II.2 Internal Processor Memories

These memories are placed within the CPU (processor) or is attached to a special fast bus.

Internal memory usually includes cache memory and special registers, both of which can be

directly accessed by the processor. This memory is used for temporary storage of data and

instructions on which the CPU is currently working. Processor memory is the fastest among

all the memories, but is most expensive also.

II.2.1 Cache Memory

Cache memory is used by the central processing unit of

a computer to reduce the average time to access memory.

The cache is a smaller, faster memory which stores

copies of the data from the most frequently used main

memory locations. As long as most memory accesses are

to cached memory locations, the average latency of

memory accesses will be closer to the cache latency than

to the latency of main memory.

The advantage of cache memory is that the CPU does not have to use the motherboard’s

system bus for data transfer. Whenever data must be passed through the system bus, the data

transfer speed slows to the motherboard’s capability. The CPU can process data much faster

by avoiding the bottleneck created by the system bus.

Cache memory is sometimes described in levels of closeness and accessibility to the

microprocessor. There are three main types of cache memory:

→ L1 cache: It is small and is built inside the CPU. It is fast as compared to L2 cache

→ L2 cache: It is large but slower and is mounted on the motherboard

→ Most computers today come with L3 cache which is built out of the CPU

II.2.2 Registers

The central processing unit (CPU) contains a number of memory locations which are

individually addressable and reserved for specific purpose. These memory locations are

called registers. CPU instructions operate on these values directly.
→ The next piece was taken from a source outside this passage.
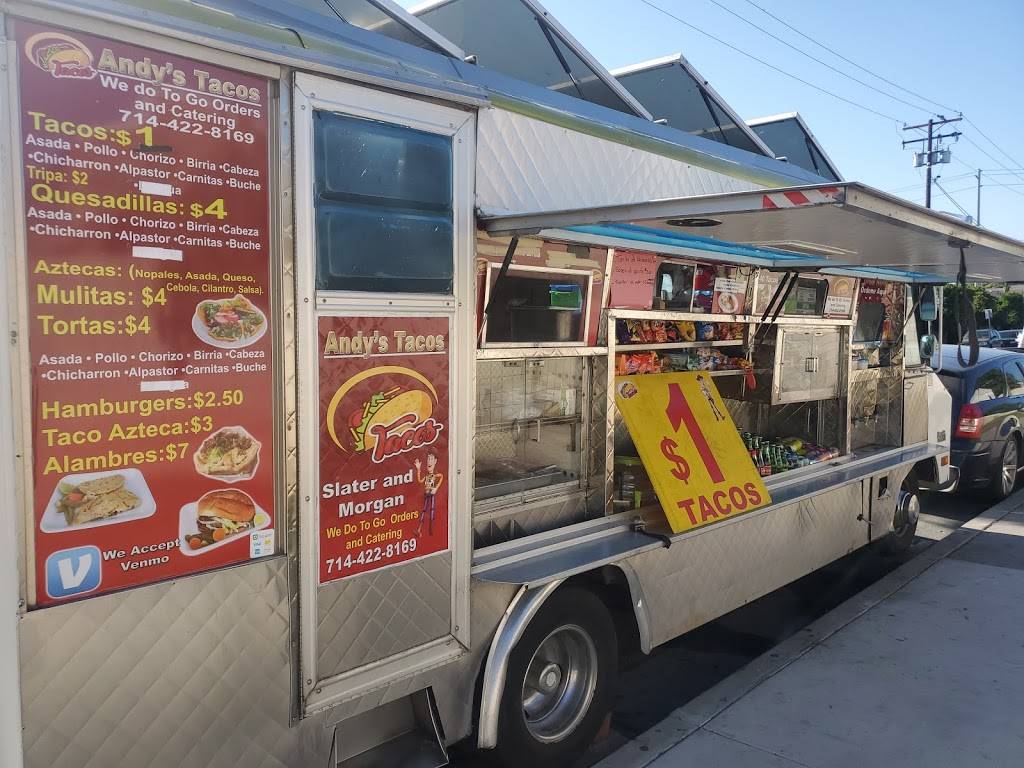 Andys taco truck | restaurant | Huntington Beach, CA 92647, USA | 9496883942 OR +1 949-688-3942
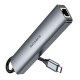 Хаб USB Borofone DH16 6-в-1 Type-C to HDMI+PD+USB3.0+USB2.0*2+RJ45(L=0.15M)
Registers are at the top of

the memory hierarchy, and provide the fastest way for a CPU to access data. On RISC

processors, all data must be moved into a register before it can be operated. On CISC (Intel)

chips, there are a few operations that can load data from RAM, process it, and save the result

back out, but the fastest operations work directly with registers.

The number of registers that a CPU has and the size of each (number of bits) help determine

the power and speed of a CPU. For example a 32-bit CPU is one in which each register is 32

bits wide. Therefore, each CPU instruction can manipulate 32 bits of data.

Some characteristics of CPU registers are:



Very fast (access times of a few nanoseconds)

Low capacity (usually less than 200 bytes)

Very limited expansion capabilities (a change in CPU architecture would be

required)

Expensive (more than one dollar/byte)

Types of register

Types of Registers are as Followings

→ Memory Address Register(MAR) : This register holds the memory addresses of data

and instructions. This register is used to access data and instructions from memory

during the execution phase of an instruction.

→ Program Counter (PC): It holds the address of the memory location of the next

instruction when the current instruction is executed by the microprocessor.

→ Accumulator Register: This Register is used for storing the Results those are

produced by the System. When the CPU will generate Some Results after the

Processing then all the Results will be Stored into the AC Register.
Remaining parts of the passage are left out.